RESURRECCIT

 

(de El Diario)


Hojeando un dominical de El País de un día cualquiera de una semana cualquiera, me encuentro con una foto glosada al pie por el – para mí, maestro – J.J.Millás. Es una fotografía impactante, que voy a hacer lo posible (a pesar de mis confesadas limitaciones en este campo) de reproducirles aquí, para que no pierdan la perspectiva que a mí me causó… En ella se aprecia tan solo que una totalidad de cuerpos desnudos vencidos, acoplados unos con otros en una especie de anónimo mosaico de teselas humanas desasosegante. Tan anodino y sensorio a la vez, que da vértigo. Lo primero que uno ve (corrijo: lo primero que uno siente) es que, a pesar de ser varones, está desprovisto de sexo; lo segundo que a uno se le viene a la mente es la ausencia de cuerpos, y la sensación de “carne”; y lo tercero, si ustedes me apuran, es incluso la ausencia de alma, de vida…

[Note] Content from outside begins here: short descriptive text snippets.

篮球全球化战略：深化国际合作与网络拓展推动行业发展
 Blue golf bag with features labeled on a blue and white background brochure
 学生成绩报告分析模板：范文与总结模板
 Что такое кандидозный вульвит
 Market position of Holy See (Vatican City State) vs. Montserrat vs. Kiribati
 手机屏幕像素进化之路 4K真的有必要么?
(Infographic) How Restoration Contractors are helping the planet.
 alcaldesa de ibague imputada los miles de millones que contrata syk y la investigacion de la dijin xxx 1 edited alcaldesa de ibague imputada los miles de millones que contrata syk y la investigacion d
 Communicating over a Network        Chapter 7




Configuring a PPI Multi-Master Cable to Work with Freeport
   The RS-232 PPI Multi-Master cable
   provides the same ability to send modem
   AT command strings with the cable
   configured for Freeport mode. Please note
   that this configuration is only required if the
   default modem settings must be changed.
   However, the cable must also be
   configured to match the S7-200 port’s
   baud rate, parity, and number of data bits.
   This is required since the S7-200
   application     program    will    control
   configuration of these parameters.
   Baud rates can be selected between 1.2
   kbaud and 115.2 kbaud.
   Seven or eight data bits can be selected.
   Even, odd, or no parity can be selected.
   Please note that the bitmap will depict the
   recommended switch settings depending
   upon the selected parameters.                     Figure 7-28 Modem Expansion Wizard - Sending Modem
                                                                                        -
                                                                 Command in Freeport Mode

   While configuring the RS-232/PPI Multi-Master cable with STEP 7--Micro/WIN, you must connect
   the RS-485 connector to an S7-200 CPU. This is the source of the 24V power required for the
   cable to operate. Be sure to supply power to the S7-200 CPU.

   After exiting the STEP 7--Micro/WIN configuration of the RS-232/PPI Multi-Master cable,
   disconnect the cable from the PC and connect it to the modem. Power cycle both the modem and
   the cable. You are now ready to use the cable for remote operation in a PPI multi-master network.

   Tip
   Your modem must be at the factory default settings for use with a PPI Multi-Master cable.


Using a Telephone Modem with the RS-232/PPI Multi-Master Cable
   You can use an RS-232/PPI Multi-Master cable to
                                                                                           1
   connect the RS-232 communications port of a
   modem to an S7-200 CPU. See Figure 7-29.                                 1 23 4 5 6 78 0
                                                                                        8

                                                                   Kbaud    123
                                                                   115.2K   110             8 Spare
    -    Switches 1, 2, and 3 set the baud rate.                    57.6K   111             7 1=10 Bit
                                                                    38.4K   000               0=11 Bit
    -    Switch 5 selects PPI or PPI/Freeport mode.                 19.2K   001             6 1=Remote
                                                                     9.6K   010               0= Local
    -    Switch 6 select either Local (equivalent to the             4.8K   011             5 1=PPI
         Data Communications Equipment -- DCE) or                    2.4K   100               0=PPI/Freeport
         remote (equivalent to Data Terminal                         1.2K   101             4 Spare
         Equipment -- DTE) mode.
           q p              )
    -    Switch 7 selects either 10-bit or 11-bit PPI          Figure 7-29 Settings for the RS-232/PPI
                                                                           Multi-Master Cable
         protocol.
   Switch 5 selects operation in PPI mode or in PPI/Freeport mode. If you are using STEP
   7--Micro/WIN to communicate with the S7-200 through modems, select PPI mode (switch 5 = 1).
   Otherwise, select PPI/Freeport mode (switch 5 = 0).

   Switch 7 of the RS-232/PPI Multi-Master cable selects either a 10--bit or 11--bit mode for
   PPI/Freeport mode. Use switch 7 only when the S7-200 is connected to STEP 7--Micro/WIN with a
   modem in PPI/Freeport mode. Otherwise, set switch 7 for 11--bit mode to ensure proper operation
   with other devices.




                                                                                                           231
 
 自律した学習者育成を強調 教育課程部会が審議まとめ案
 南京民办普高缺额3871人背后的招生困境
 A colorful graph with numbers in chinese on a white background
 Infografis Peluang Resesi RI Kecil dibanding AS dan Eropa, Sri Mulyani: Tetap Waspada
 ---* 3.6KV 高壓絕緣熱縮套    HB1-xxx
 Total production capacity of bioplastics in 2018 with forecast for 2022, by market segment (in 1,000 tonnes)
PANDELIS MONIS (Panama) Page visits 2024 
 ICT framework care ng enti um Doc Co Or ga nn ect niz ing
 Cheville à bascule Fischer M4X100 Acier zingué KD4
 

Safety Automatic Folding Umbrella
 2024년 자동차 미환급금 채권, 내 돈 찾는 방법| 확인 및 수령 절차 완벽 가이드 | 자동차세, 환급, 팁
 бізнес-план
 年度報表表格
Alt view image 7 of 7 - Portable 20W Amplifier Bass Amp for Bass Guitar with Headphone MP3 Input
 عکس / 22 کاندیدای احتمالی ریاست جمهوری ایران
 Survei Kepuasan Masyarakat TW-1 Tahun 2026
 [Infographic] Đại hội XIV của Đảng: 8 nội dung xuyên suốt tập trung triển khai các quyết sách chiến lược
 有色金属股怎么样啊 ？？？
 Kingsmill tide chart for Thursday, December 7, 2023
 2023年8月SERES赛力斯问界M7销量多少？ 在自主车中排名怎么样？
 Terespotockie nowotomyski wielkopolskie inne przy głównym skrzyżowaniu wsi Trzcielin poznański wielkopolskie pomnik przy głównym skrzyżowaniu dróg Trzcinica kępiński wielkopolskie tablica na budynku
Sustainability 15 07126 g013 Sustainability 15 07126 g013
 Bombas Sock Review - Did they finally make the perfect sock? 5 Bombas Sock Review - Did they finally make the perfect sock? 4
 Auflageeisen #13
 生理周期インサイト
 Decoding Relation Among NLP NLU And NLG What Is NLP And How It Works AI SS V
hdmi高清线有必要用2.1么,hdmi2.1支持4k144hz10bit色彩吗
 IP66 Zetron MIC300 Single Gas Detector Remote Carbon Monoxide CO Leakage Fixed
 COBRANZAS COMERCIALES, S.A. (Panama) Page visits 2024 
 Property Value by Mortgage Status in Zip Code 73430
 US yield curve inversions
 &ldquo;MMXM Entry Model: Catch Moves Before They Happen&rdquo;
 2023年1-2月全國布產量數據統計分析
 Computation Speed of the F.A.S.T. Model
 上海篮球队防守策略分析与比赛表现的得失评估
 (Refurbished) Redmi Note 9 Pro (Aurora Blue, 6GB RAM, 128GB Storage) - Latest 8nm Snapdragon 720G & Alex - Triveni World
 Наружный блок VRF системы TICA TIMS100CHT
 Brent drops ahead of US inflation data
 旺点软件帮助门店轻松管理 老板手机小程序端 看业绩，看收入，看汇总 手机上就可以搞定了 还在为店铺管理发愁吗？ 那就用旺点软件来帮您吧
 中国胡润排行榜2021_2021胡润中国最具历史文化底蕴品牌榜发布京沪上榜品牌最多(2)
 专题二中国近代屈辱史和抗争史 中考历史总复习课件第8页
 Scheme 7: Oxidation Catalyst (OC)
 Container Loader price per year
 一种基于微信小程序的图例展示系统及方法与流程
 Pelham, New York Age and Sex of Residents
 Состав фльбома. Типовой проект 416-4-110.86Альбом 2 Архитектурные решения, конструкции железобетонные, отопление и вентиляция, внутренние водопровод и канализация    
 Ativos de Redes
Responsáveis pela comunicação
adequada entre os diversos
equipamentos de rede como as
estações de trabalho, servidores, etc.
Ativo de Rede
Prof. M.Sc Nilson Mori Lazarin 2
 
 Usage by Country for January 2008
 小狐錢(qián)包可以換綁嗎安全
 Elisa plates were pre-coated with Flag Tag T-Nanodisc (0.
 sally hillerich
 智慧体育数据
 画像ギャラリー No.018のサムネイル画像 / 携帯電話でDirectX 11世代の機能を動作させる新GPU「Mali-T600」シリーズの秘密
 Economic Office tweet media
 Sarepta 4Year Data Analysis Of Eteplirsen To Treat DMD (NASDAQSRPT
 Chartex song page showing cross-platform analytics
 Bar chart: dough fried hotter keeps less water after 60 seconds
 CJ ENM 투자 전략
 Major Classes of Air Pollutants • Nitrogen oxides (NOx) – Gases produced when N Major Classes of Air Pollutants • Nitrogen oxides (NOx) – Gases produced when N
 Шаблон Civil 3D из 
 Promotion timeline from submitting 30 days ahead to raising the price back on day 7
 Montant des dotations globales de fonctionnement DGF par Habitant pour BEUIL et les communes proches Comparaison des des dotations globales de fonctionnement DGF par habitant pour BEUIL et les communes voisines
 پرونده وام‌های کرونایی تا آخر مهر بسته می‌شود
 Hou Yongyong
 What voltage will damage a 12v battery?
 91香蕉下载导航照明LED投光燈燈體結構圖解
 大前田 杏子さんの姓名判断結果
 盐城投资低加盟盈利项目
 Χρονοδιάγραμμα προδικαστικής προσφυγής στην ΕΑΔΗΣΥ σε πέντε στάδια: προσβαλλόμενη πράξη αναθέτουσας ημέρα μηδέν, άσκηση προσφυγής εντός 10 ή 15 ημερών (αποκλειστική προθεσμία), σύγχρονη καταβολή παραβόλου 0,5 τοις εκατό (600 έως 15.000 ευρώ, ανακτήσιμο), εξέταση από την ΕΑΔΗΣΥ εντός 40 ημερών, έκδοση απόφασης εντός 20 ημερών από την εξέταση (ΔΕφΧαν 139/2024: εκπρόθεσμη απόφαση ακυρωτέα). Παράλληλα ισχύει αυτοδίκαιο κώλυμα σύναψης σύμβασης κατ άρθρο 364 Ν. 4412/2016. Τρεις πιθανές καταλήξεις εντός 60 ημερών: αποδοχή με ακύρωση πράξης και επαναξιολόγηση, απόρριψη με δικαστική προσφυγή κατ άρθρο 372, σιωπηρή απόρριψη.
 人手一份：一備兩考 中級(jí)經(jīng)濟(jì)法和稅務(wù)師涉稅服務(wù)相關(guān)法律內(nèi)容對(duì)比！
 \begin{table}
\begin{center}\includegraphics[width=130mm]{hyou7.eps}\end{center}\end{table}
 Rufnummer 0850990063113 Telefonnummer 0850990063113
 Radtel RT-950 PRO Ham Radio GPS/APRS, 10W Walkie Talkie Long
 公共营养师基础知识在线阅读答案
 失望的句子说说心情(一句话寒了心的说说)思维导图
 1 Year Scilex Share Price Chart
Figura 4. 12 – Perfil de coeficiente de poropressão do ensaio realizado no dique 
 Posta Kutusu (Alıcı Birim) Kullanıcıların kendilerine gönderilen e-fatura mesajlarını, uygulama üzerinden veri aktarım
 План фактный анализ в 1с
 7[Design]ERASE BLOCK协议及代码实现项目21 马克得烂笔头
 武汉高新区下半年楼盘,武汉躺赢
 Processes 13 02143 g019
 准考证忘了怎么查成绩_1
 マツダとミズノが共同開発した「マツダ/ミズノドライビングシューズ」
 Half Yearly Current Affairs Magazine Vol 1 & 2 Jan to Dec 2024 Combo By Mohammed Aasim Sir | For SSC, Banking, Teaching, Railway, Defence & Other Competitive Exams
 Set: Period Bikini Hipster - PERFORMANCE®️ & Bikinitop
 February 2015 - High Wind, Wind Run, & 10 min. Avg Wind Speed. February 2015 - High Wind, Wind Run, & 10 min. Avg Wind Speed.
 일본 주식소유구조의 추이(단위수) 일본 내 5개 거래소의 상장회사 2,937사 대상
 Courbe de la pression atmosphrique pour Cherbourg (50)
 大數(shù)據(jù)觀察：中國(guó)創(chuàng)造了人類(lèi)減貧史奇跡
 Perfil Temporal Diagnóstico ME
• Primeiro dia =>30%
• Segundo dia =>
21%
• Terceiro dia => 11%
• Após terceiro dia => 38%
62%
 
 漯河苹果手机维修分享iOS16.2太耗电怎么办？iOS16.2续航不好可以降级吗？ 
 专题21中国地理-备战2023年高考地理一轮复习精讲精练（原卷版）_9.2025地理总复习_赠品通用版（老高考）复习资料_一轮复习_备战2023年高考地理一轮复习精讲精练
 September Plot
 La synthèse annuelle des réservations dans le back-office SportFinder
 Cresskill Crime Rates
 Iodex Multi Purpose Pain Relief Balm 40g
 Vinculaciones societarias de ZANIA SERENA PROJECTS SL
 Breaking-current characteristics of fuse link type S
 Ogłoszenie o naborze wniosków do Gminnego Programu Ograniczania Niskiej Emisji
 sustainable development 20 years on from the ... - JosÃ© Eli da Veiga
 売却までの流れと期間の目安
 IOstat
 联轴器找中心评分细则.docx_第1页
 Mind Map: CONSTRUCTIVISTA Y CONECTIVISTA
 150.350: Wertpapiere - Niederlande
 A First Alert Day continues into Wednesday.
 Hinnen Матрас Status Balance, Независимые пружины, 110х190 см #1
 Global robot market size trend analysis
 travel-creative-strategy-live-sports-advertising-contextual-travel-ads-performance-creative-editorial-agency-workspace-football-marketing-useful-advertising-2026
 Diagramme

Sin embargo, son cuerpos vivos que pertenecen a personas, a entes, con ánima… Pero es tal la sensación de postración, de anonadamiento, de anulación absoluta, que este pensamiento solo se abre camino en un esfuerzo por razonar aquello que los ojos miran. En estos casos, de mirar a ver hay un trecho de dolorosa estupefacción, cuyo análisis se nos hace muy cuesta arriba. El todo y la nada de un ser humano en un clic, en un fotograma que encierra toda una lección de metafísica, o de metapsíquica, o de meta-usted-lo-que-quiera.

En esa instantánea se muestra una especie de ganado humano sometido, que tiene apariencia de vivo por nuestra suposición intelectual, pero que también podría estar muerto. Nada se deduce de ello… Y, sin embargo, nos decimos a nosotros mismos que su misma sensación compacta nos sugiere vida, quizá, pensémoslo, más movidos por un deseo, por una esperanza, por una fe, que por una realidad concreta. La cuestión es que nos transporta al universo de las posibilidades, aunque venga del mundo de las degradaciones.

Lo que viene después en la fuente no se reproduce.